Rembold emphasized that Grayhouse was coming up with a streetscape, parking and site plan of its own and “so now we have the opportunity to take what they’re doing and what we’re doing and share those and come to some good solution.”
Also part of the agreement, Grayhouse must, within 90 calendar days of the execution of the memo, draft development and operating budgets. For its part, the town must “begin Phase I and Phase II environmental assessments of the property including a hazardous building materials survey.”
The environmental assessments will be financed as part of a $300,000 Brownfields Community Wide Assessment grant the town received earlier this year from the U.S. Environmental Protection Agency.
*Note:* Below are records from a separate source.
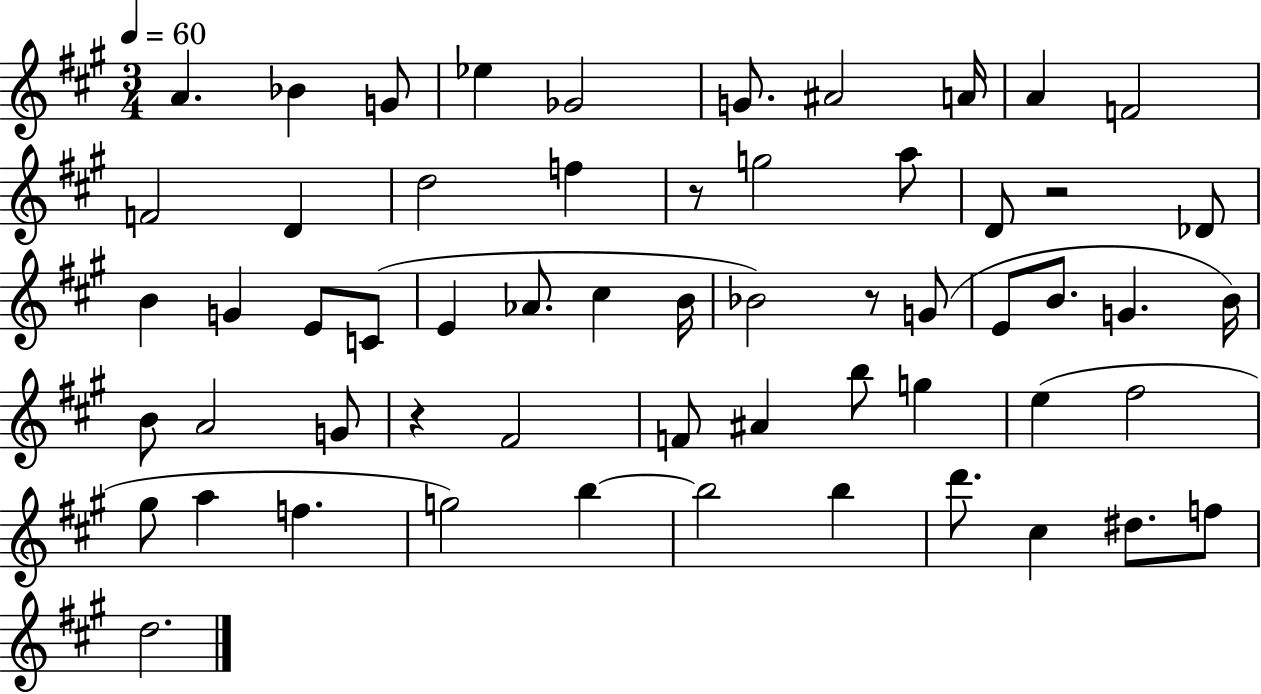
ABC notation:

X:1
T:Untitled
M:3/4
L:1/4
K:A
A _B G/2 _e _G2 G/2 ^A2 A/4 A F2 F2 D d2 f z/2 g2 a/2 D/2 z2 _D/2 B G E/2 C/2 E _A/2 ^c B/4 _B2 z/2 G/2 E/2 B/2 G B/4 B/2 A2 G/2 z ^F2 F/2 ^A b/2 g e ^f2 ^g/2 a f g2 b b2 b d'/2 ^c ^d/2 f/2 d2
The funds will be used to perform Phase One and Phase Two environmental assessments of several other properties, most of them in and around the village of Housatonic: Monument Mills; Rising Paper Mill; Cook’s Garage; and the site that once hosted Barbieri Lumber.
It is also possible that a portion of the funds could be used to perform further investigation into the polluted Ried Cleaners property in downtown Great Barrington. And if there are funds remaining after these investigations, they could be used to perform actual remediation work.
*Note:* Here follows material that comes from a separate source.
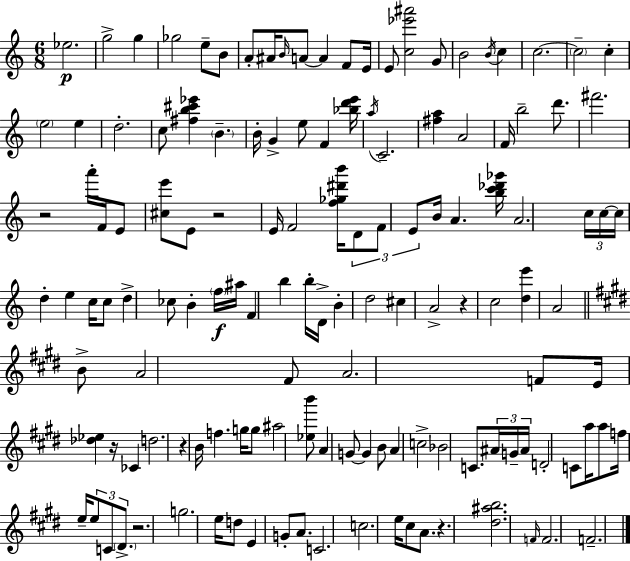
Eb5/h. G5/h G5/q Gb5/h E5/e B4/e A4/e A#4/s B4/s A4/e A4/q F4/e E4/s E4/e [C5,Eb6,A#6]/h G4/e B4/h B4/s C5/q C5/h. C5/h C5/q E5/h E5/q D5/h. C5/e [F#5,B5,C#6,Eb6]/q B4/q. B4/s G4/q E5/e F4/q [Bb5,D6,E6]/s A5/s C4/h. [F#5,A5]/q A4/h F4/s B5/h D6/e. F#6/h. R/h A6/s F4/s E4/e [C#5,E6]/e E4/e R/h E4/s F4/h [F5,Gb5,D#6,B6]/s D4/e F4/e E4/e B4/s A4/q. [B5,C6,Db6,Gb6]/s A4/h. C5/s C5/s C5/s D5/q E5/q C5/s C5/e D5/q CES5/e B4/q F5/s A#5/s F4/q B5/q B5/s D4/s B4/q D5/h C#5/q A4/h R/q C5/h [D5,E6]/q A4/h B4/e A4/h F#4/e A4/h. F4/e E4/s [Db5,Eb5]/q R/s CES4/q D5/h. R/q B4/s F5/q. G5/s G5/e A#5/h [Eb5,B6]/e A4/q G4/e G4/q B4/e A4/q C5/h Bb4/h C4/e. A#4/s G4/s A#4/s D4/h C4/e A5/s A5/e F5/s E5/s E5/e C4/e D#4/e. R/h. G5/h. E5/s D5/e E4/q G4/e A4/e. C4/h. C5/h. E5/s C#5/e A4/e. R/q. [D#5,A#5,B5]/h. F4/s F4/h. F4/h.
The selectmen unanimously voted to authorize Tabakin to enter into the agreement, which she will take to the Grayhouse attorney. If there are only minor changes, Tabakin will sign the document.
“If it’s something substantial, I’ll bring it back,” Tabakin said.
Shuttered by the Berkshire Hills Regional School District more than 10 years ago, the Housatonic School has a long and checkered history. The former community elementary school opened in 1909 and has remained mostly empty since 2003 when Berkshire Hills consolidated its schools with a new elementary- and middle-school campus on Monument Valley Road.
When the school closed, the town assumed ownership of the property from the school district. Berkshire Hills used the building for its administrative office for a couple of years and then moved to the Stockbridge Town Offices. The nonprofit Multicultural BRIDGE was based in the Housatonic School until 2007, when it moved temporarily to Pittsfield and eventually to Lee.